Selon un arrêt récent de la Cour de Justice de l’Union Européenne (CJUE 6ème chambre 10 déc. 2020, aff. C-774/19), ne perd pas la qualité de consommateur la personne jouant au poker en ligne un grand nombre d’heures par jour, qui possède des connaissances étendues et perçoit des gains importants issus de ce jeu.
Les faits : un joueur de poker régulier et vivant de ses gains


Procédure et question posée à la CJUE : le joueur assidu perd-il sa qualité de consommateur ?
Les juridictions du fond slovènes ont reconnu leur compétence en retenant que l’utilisateur avait agi en tant que consommateur lorsqu’il a ouvert son compte utilisateur sur le site internet de la société. Saisie d’un pourvoi en révision, la Cour suprême de Slovénie s’interroge sur la compétence des juridictions slovènes. La réponse à cette question dépend selon elle du point de savoir si l’utilisateur a conclu avec la société un contrat en tant que « consommateur, pour un usage pouvant être considéré comme étranger à son activité professionnelle », au sens de l’article 15 §1 du règlement n°44/2001. La Cour suprême slovène décide alors de surseoir à statuer et pose à la CJUE la question préjudicielle suivante :
« L’article 15, paragraphe 1, du règlement n° 44/2001 doit-il être interprété en ce sens qu’il convient de considérer aussi comme un contrat conclu par un consommateur à des fins étrangères à son activité professionnelle un contrat pour jouer au poker sur Internet, conclu à distance par un particulier avec un exploitant étranger de jeux sur Internet et soumis aux conditions générales déterminées par ce dernier si le particulier a vécu pendant plusieurs années des revenus perçus et des gains tirés des parties de poker bien qu’il n’ait pas officiellement déclaré une telle activité et qu’il n’offre pas non plus cette activité sur le marché aux tiers en tant que service payant ? »
Réponse de la CJUE
La Cour de Justice de l'Union Européenne précise :
« une personne physique domiciliée dans un État membre qui, d’une part, a conclu avec une société établie dans un autre État membre un contrat pour jouer au poker sur internet et, d’autre part, n’a ni officiellement déclaré une telle activité ni offert cette activité à des tiers en tant que service payant ne perd pas la qualité de « consommateur », même si elle joue à ce jeu un grand nombre d’heures par jour, possède des connaissances étendues et perçoit des gains importants issus de ce jeu. »
Sur le montant des gains
Le jeu de poker est un jeu de hasard comportant aussi bien le risque de perdre les sommes investies que la chance de gager des montants importants. Il ne serait alors pas compatible avec l’objectif de prévisibilité des règles de compétences poursuivi par le règlement de déterminer la compétence juridictionnelle, et donc la qualité de consommateur ou de professionnel, en fonction du montant gagné ou perdu.

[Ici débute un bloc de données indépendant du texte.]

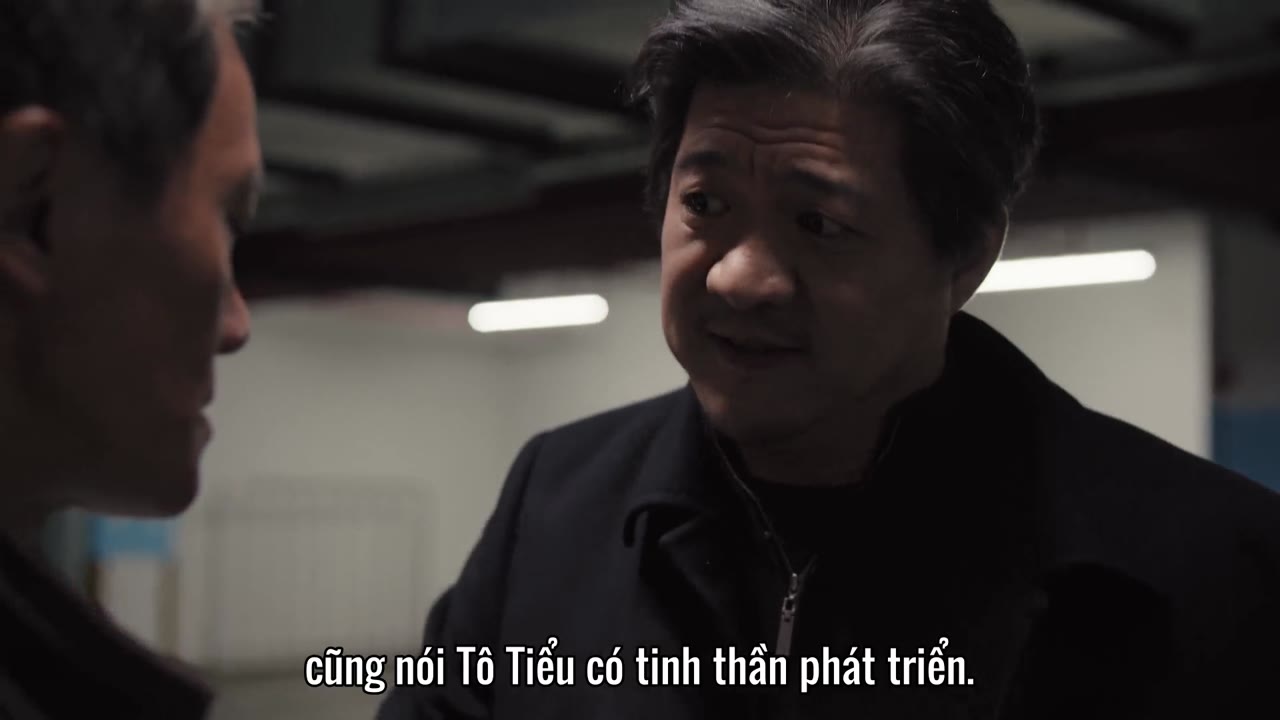 Thành Phố Lý Tưởng tập 13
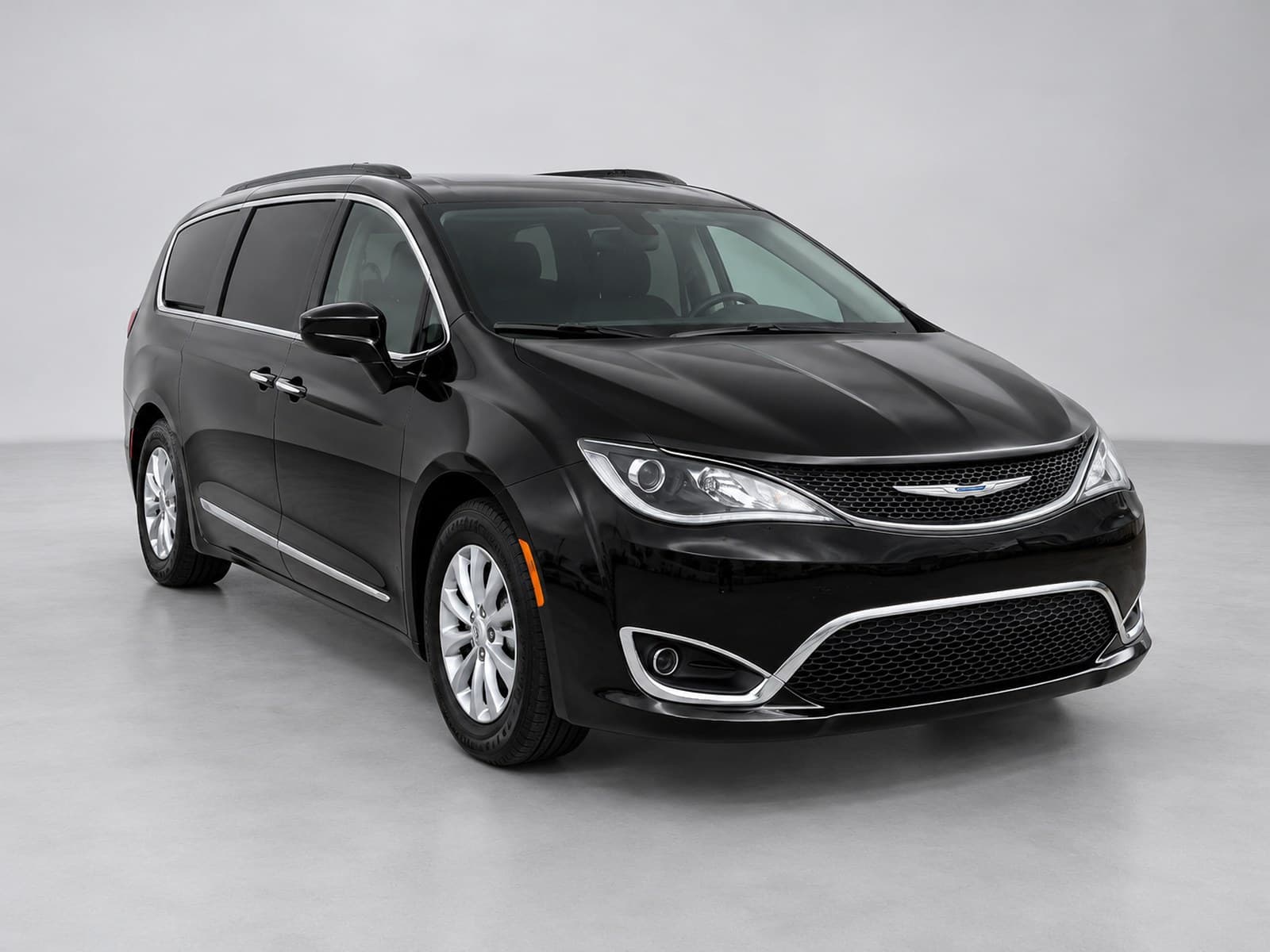 Chrysler Pacifica or Similar 1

Sur le niveau de connaissances
La notion de consommateur présente un caractère objectif et est indépendante des connaissances et informations dont la personne concernée dispose réellement. La qualité de consommateur doit être examinée au regard uniquement de la position d’une personne dans un contrat déterminé, compte tenu de la nature et de la finalité de celui-ci.
Sur la régularité de l’activité
La régularité d’une activité est un élément parmi d’autres à prendre en compte et ne détermine pas, à elle seule, la qualification à retenir à l’égard d’une personne physique au regard de la notion de « professionnel ». La Cour fonde surtout sa décision sur le fait que cette activité ne donne pas lieu à la vente de biens ni à une prestation de services.